Entre 1972 e 1989, Itália viveu um conflito que muitos analistas definem como “guerra civil de baixa intensidade”
Achille Lollo
NO DIA 12 DE dezembro, será o 40º aniversário dos trágicos massacres de Praça Fontana, em Milão (17 mortos e 88 feridos); e no Banco Nacional do Trabalho e Praça Veneza, em Roma (17 feridos), que foram planejados, em fevereiro de 1969, pelos homens do serviço secreto italiano (SID) e realizados pelos neofascistas ligados à Célula Veneta de Freda e Ventura, em coligação com os grupos neofascistas de Ordine Nuovo e de Avanguardia Nazionale, liderados por Pino Rauti e Stefano delle Chiaie.
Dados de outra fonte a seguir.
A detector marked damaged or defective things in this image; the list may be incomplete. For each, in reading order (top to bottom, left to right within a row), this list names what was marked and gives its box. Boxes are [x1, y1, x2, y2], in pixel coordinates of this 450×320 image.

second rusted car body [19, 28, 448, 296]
Esses atentados a bomba – que foram monitorados por David Carret da Base de Operações da CIA na Itália e apoiados pela Célula maçônica P2 de Licio Gelli – marcaram o início da “Estratégia da Tensão”, na Itália, que os centros de inteligência dos então governos democrata-cristãos (Giulio Andreotti, Taviani, Rumor e Fanfani) introduziram no contexto político do país com o objetivo de utilizar a direita neofascista para romper a inesperada evolução das lutas do movimento sindical e popular, após a criadora efervescência política, em 1968, do movimento estudantil. Por sua parte, a CIA acreditava que a existência de diferentes projetos eversivos (o Plano Solo do general do SID, Vito Miceli; o Plano Gládio de Edgardo Sonho; a intentona golpista de Valério Borghese; e o bombismo de Ordine Nuovo e Avanguardia Nazionale) podia acelerar o processo de desestabilização política do governo de centro-esquerda e determinar a mesma situação de crise política que, na Grécia, no dia 21 de abril de 1967, abriu as portas ao golpe de Estado sob a liderança do coronel Georgios Papadopoulos. De fato, após os atentados de Milão e Roma, a polícia, a Justiça e a mídia afirmavam que a matriz política dos atentados era esquerdista, e que seus autores materiais eram militantes anarquistas, abrindo assim a “caça ao vermelho”.
Intentonas golpistas
Foi nesse clima de atentados e agressões aos militantes do movimento estudantil e sindical por parte dos grupos neofascistas que, na noite do dia 7 de dezembro de 1970, Junio Valério Borghese, líder da organização neofascista Fronte Nazionale, com o apoio do Ministério do Interior, de vários setores das Forças Armadas, da Polícia Florestal, do SID e, evidentemente, da CIA, iniciava um golpe de Estado em Roma e Milão que duraria somente oito horas, porque os golpistas não aceitavam entregar o poder ao ministro democrata-cristão Giulio Andreotti. De fato, no momento de legitimar a intentona com a adesão das unidades de elite da Otan, a CIA exigia que o poder fosse entregue a Andreotti para que ele pudesse jogar o papel de pacificador nacional. A derrota política da intentona golpista virou uma piada judiciária, e por isso os grupos da esquerda extra-parlamentar (Potere Operaio e Lotta Continua) lançaram, junto ao movimento popular, palavras de ordem revolucionárias em favor de uma ruptura insurrecional, tendo em conta a paralisia dos partidos da esquerda reformista, o PCI (comunista), o PSI (socialista) e o PSDI (social-democrata).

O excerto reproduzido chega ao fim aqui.